The nation was recently shocked when four US servicemen were ambushed and killed in the African nation of Niger, falling to a terror group with links to ISIS. Most Americans, including several top US Senators, were completely unaware that the US military was even operating in Africa. But, in fact, at least 1,000 troops are presently in Niger, one of 177 foreign countries where US troops currently operate.

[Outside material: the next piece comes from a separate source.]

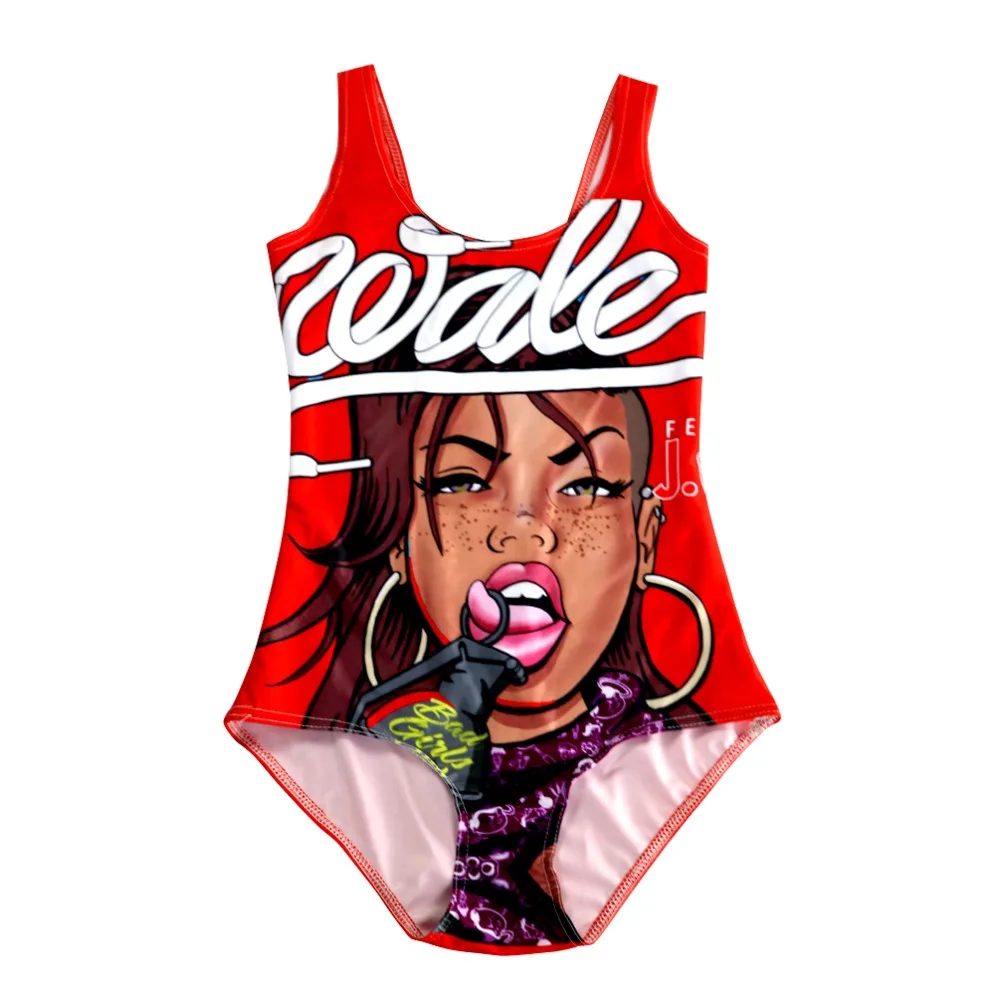 Новый Забавный женский купальник с принтом на большом языке размера плюс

Lindsey Graham, whose entire worldview seems to emanate from a morbid desire to make the entire world a battlefield, did not even know, which caused Senator Rand Paul, a great critic of US war-making policy, to mock him on Twitter:
But Senator Roger Wicker took to CNN (notice he never goes on Fox) to declare his support for the mission, even though Congress did not specifically authorize it:
Let me just say in a general sense, I think we were right to be there. What we are doing is trying to prevent this area of Africa from becoming another staging ground, another training ground for terrorist groups like Boko Haram and Al Qaeda. If we want to prevent another 9/11 being staged from a place like Afghanistan, we need to be where we are now in Africa. I think it is an important mission, and we got specific details about this tragedy, but also some overall guidance about where we are in the region.
We continue to listen to the top experts in the Pentagon. When they say we need something to get the mission done and prevent terrorism from coming to our shores, we will listen to these generals and give them what they need, and give our troops what they need.

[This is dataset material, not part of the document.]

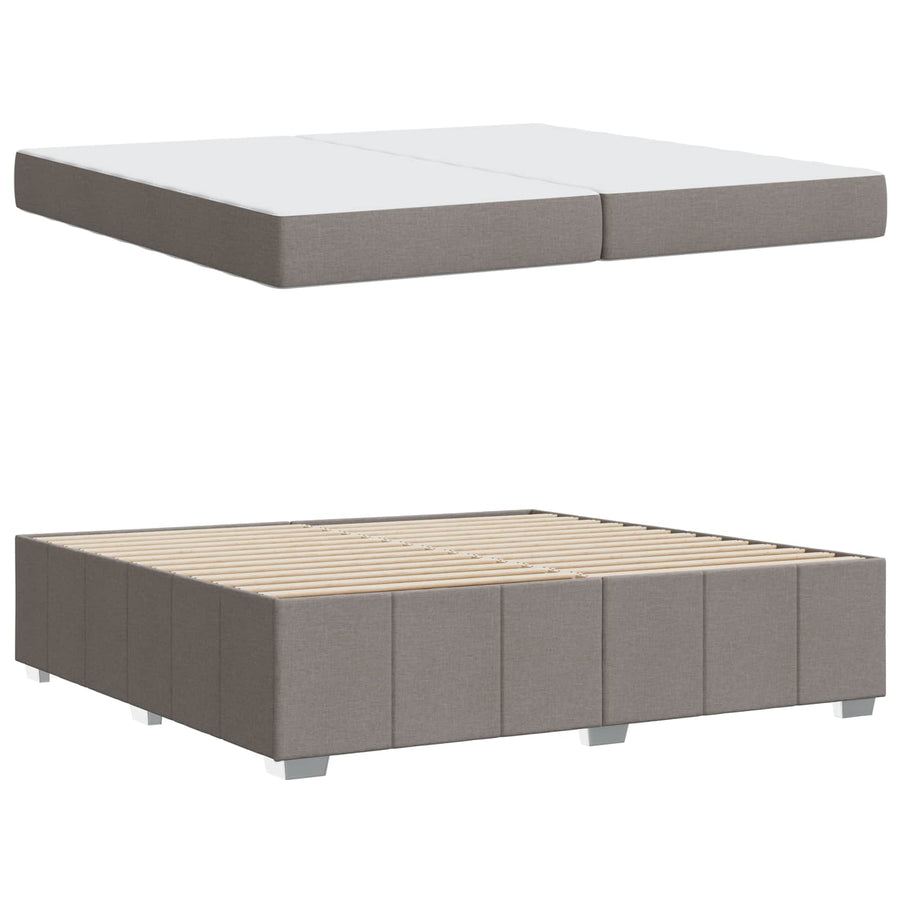 Bedframe met matras Taupe 200 x 200 cm Stof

Senator Paul has long tried to return Congress to its original role in war-making policy. Back in September, he introduced an amendment to the National Defense Authorization Act to “sunset” the original 2001 and 2002 Authorization for the Use of Military Force (AUMF) in six months, thereby allowing Congress to debate and vote to re-authorize it, or not. Senator Paul discussed the issue in a four-hour floor speech:
I rise today to oppose unauthorized, undeclared and unconstitutional war. What we have today is basically unlimited war, anywhere, anytime, anyplace upon the globe.
I don’t think that anyone with an ounce of intellectual honesty believes that these authorizations from 16 years ago and 14 years ago authorized war in seven different countries.
But, unsurprisingly, the amendment was tabled (i.e. killed) by a vote of 61-32.
Roger Wicker voted to kill it. The warfare state marches on.